Last in these Notes I should mention that Asbury Harpending, Jr. had at least four and probably five children with his wife Ira Anna Thompson. I have told you of daughters Lucille and Genevieve. There was also a third daughter, born while the family lived at the Harpending house in Princeton, Kentucky, but she died as a child. This could possibly be a reason the family moved away, permanently.

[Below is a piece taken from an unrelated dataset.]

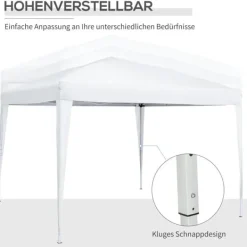 Best Sammenklappelig pavillon, 295x295x258 cm, hvid Telte & Lysthuse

There was a son, Asbury Harpending III, who, by family accounts, went to sea and ultimately married a Japanese woman. He is pictured above with a woman who appears to be Japanese. The obverse of the photo is shown. The picture on the right I speculate to be Albert Harpending, about whom nothing more is known by anyone in the remaining family. One of the brothers was said to have been addicted to opium. In any case, they were, apparently, absent from the household as soon as they were able. Great-aunt Genevieve did mention Albert, in my memory, but not Asbury III. Of course I was not always around, and I might have heard her mention him, thinking she was referring to one of his older relatives with the same first name. I was 36 when she died and not living near here for quite a while before.
The presumed picture of Albert gives evidence of a family resemblance to his nephew Nestor Palladius whom I well remember.